= Beginning of Section =
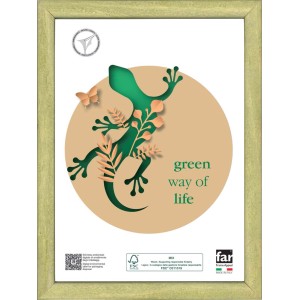 Cornice t.b.t. con motivo lucertola verde.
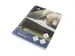 Ringbandinterieur Kangaro A5 ruit 10mm 17-gaats 60 grams 100 blad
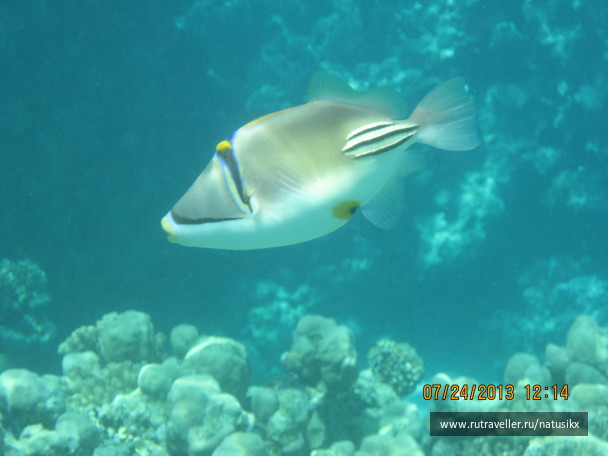 photo 450294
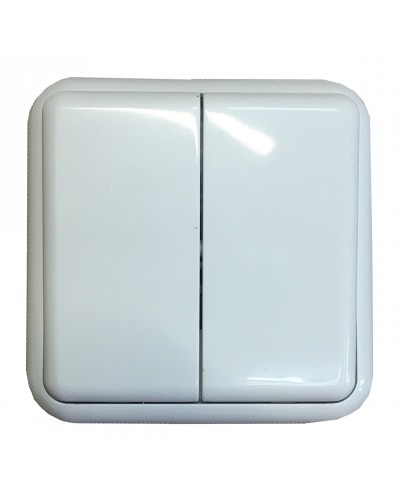 Выключатель наружной установки 2-кл. белый IP20 TNSy Lemur TNSy (TNSy5000979)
= End of Section =
● WORK INSTRUCTION:
Give back the whole of the material exactly, with the pictures removed.

● PROBLEM SOLUTION:
 Cornice t.b.t. con motivo lucertola verde.
 Ringbandinterieur Kangaro A5 ruit 10mm 17-gaats 60 grams 100 blad
 photo 450294
 Выключатель наружной установки 2-кл. белый IP20 TNSy Lemur TNSy (TNSy5000979)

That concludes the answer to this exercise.